DATA FOR THE TASK =>
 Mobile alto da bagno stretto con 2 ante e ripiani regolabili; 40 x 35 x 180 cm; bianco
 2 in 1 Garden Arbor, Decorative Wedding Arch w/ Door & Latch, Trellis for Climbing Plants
==
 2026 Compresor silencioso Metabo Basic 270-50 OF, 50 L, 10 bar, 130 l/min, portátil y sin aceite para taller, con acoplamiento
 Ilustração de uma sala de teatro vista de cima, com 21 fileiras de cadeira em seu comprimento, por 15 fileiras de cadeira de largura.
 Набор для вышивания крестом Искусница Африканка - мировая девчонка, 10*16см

TO DO => In your answer, include only the lines above starting at the line that holds "Mobile alto da" and ending at the line that holds "2 in 1 Garden", copied exactly.

RESULT FOR THIS TASK =>
 Mobile alto da bagno stretto con 2 ante e ripiani regolabili; 40 x 35 x 180 cm; bianco
 2 in 1 Garden Arbor, Decorative Wedding Arch w/ Door & Latch, Trellis for Climbing Plants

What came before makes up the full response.